Voting Rights for All
While the 19th amendment was a step in the right direction, the work for giving voting rights to all women was far from done. Women of color were often barred from voting at polls that were only allowed for white men and women. The fight to extend the same rights white women were granted continued up until 1965 with the Voting Rights Act. This act finally prohibited racial discrimination and granted everyone their civic right.
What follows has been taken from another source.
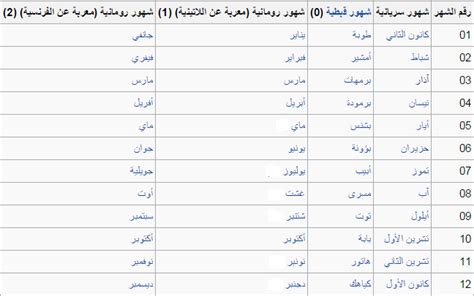 ماهو شهر رجب شهر رجب بالارقام ؟ اى شهر شهر رجب صقور الإبدآع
Why Should Women Vote Today
In today’s world, it can be easy to forget that there was a time where groups of people weren’t allowed to vote in America. That’s why we think it’s so important to learn about voting history and remember that you’ve been given the chance to make a real difference many others had to fight for. Plus, you’re voting for people who affect your daily life. Everyone wants to have people represent them who you believe can make a positive impact.
How to Prepare to Vote
We know that voting can seem overwhelming, especially if it’s your first time. If you’re feeling hesitant to vote because you’re not sure if you’ve prepared properly, don’t worry! We’ve made a list of easy things that’ll help you get ready for November:
- Research the candidates for both state and national elections.
- Find out more about the political parties.
- Review California’s rules and regulations.
- Register to vote. If you don’t know how to do this, we cover it all in our blog.
- Look up the nearest polling station if you’re not voting by mail.
- Remember to fill out your ballot through the mail or at the polls!
Get Out There and Vote
The United States benefits when the voices of everyone are heard and listened to! That’s why we hope all our students will contribute their informed opinions to this election. If you have any more questions about how to prepare, reach out to your local county officials and they’d be happy to help.